ValueError: Unrecognized model in ./models/tokenizer/. Should have a `model_type` key in its config.json, or contain one of the following strings in its name: retribert, t5, mobilebert, distilbert, albert, camembert, xlm-roberta, pegasus, marian, mbart, bart, reformer, longformer, roberta, flaubert, bert, openai-gpt, gpt2, transfo-xl, xlnet, xlm, ctrl, electra, encoder-decoder

3 个答案:

答案 0 :(得分:1)

save_vocabulary(),仅保存令牌生成器的词汇表文件(BPE令牌列表)。

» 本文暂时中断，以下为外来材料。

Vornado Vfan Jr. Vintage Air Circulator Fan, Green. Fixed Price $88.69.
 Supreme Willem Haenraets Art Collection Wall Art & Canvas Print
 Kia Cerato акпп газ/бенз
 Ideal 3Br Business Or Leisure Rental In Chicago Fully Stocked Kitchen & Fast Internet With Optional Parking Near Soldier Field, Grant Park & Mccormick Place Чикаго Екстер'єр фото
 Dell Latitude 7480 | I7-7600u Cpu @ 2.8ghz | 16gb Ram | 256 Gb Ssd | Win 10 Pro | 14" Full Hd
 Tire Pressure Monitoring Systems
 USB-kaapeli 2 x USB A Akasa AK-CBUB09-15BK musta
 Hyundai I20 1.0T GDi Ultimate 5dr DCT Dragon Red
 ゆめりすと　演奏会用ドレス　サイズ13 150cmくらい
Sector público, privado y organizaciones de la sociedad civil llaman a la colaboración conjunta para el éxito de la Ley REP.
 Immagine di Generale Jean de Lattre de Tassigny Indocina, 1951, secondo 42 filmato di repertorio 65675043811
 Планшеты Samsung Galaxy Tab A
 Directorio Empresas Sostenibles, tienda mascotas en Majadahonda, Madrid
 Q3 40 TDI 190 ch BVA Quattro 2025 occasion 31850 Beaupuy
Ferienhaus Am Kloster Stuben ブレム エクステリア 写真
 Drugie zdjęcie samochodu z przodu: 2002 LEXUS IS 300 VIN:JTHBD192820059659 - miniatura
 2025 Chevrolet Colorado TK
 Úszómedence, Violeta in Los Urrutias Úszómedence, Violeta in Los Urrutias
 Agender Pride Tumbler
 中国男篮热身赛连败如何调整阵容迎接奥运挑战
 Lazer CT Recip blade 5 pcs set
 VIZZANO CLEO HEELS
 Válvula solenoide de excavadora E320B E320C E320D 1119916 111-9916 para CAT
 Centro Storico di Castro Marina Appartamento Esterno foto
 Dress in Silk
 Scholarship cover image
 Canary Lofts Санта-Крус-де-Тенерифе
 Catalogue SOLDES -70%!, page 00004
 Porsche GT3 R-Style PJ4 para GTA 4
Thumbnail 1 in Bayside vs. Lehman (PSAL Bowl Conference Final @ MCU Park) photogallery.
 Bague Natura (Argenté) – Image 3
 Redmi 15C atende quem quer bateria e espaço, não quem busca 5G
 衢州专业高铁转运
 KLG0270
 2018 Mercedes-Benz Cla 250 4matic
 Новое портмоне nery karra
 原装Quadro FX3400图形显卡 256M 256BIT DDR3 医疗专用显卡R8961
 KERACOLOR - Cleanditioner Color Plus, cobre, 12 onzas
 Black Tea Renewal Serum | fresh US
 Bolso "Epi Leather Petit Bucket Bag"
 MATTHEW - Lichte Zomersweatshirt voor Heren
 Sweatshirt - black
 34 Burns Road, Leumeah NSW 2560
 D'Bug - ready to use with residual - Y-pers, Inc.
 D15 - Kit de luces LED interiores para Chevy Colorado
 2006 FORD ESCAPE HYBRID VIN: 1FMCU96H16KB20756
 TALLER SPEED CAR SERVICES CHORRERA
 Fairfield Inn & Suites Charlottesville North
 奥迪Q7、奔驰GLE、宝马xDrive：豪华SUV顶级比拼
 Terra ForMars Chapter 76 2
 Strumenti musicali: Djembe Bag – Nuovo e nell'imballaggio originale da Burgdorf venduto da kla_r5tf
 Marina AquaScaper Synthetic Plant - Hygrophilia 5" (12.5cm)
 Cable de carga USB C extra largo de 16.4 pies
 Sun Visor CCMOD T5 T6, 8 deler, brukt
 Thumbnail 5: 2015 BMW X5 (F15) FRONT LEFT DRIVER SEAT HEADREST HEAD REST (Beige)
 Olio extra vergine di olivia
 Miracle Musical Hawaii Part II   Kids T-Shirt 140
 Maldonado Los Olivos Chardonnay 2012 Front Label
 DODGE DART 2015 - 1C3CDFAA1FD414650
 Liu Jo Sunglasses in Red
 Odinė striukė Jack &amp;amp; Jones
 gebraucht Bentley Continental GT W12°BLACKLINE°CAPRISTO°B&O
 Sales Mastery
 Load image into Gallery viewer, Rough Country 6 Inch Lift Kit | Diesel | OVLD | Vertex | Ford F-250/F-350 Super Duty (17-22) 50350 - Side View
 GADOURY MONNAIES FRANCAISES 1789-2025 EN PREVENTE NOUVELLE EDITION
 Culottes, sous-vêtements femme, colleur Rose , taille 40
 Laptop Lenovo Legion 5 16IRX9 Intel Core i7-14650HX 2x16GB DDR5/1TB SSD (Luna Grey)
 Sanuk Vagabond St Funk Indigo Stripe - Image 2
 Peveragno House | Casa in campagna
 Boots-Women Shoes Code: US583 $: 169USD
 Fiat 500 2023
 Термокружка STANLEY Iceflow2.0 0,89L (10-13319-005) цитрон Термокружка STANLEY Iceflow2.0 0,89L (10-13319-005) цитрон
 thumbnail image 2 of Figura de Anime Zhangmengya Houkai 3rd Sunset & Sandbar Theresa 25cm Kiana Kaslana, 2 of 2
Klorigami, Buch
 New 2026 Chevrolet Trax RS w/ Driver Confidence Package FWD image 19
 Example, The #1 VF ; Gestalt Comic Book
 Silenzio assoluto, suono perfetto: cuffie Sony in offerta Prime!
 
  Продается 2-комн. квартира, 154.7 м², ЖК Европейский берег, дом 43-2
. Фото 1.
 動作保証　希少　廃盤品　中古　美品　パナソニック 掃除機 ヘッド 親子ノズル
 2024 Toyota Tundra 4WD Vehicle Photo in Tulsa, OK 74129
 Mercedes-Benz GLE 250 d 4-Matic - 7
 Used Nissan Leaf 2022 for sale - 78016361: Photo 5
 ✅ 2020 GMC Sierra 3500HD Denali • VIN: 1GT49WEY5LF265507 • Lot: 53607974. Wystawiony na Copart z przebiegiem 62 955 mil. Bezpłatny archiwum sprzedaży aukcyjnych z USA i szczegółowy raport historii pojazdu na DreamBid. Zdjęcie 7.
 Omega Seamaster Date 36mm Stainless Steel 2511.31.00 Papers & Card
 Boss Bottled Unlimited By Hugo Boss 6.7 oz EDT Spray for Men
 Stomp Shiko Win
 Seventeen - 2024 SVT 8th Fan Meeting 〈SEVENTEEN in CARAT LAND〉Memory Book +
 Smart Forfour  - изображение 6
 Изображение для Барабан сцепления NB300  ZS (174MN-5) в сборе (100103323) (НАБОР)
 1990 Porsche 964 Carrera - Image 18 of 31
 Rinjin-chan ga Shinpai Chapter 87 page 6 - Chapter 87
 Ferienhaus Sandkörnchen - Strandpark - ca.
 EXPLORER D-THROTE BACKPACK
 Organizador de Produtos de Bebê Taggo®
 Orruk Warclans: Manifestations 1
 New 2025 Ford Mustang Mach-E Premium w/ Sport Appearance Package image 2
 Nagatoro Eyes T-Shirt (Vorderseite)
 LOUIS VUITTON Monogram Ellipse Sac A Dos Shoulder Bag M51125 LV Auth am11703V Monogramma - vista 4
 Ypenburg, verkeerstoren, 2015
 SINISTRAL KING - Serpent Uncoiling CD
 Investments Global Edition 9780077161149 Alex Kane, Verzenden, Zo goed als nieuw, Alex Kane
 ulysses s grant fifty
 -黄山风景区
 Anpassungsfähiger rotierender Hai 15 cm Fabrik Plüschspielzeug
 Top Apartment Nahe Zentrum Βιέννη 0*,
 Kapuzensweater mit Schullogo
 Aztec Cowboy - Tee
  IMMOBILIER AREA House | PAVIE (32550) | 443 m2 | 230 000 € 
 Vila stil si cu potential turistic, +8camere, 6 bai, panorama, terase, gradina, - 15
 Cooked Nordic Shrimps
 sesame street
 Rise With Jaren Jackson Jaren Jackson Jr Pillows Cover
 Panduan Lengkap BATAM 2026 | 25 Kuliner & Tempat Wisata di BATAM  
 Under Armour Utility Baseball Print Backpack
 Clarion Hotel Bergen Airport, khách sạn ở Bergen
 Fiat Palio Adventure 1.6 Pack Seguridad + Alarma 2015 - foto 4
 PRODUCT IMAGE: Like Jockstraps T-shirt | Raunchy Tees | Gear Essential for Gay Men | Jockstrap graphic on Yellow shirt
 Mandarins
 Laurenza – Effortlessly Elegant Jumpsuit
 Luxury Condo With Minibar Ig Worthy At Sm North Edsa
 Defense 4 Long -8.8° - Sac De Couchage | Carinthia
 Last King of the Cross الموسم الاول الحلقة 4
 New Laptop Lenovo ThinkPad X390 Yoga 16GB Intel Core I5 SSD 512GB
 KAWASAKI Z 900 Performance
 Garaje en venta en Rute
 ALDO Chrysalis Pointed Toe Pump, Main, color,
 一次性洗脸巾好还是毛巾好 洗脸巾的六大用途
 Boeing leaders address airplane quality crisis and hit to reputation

要保存整个令牌生成器,应使用save_pretrained()

因此,如下:

BASE_MODEL = "distilbert-base-multilingual-cased"
tokenizer = AutoTokenizer.from_pretrained(BASE_MODEL)
tokenizer.save_pretrained("./models/tokenizer/")
tokenizer2 = DistilBertTokenizer.from_pretrained("./models/tokenizer/")

编辑:

由于某些未知原因: 代替

tokenizer2 = AutoTokenizer.from_pretrained("./models/tokenizer/")

使用

tokenizer2 = DistilBertTokenizer.from_pretrained("./models/tokenizer/")

有效。

答案 1 :(得分:1)

您需要将模型和分词器保存在同一目录中。 HuggingFace 实际上是在寻找你模型的 config.json 文件,所以重命名 tokenizer_config.json 并不能解决问题

答案 2 :(得分:0)

将“tokenizer_config.json”文件(由 save_pretrained() 函数创建的文件)重命名为“config.json”在我的环境中解决了同样的问题。